• [What you need to do] Return, word for word, only the lines from the one containing "昭和レトロ　欅（ケヤキ）一枚板 ローテーブル 座卓" through the last line of the entries.

—————

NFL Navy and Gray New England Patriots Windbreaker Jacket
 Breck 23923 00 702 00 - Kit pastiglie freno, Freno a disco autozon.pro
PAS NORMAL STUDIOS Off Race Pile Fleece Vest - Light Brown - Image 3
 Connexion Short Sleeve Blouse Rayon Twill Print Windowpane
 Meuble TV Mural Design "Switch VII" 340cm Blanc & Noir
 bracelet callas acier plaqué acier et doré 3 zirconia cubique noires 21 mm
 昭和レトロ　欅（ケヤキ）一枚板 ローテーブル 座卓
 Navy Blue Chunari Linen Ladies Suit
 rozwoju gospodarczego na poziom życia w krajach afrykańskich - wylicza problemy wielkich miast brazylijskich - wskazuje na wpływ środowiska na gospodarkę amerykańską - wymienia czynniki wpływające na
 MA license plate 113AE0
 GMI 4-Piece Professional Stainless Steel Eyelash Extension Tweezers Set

—————

• [Answer box]
 昭和レトロ　欅（ケヤキ）一枚板 ローテーブル 座卓
 Navy Blue Chunari Linen Ladies Suit
 rozwoju gospodarczego na poziom życia w krajach afrykańskich - wylicza problemy wielkich miast brazylijskich - wskazuje na wpływ środowiska na gospodarkę amerykańską - wymienia czynniki wpływające na
 MA license plate 113AE0
 GMI 4-Piece Professional Stainless Steel Eyelash Extension Tweezers Set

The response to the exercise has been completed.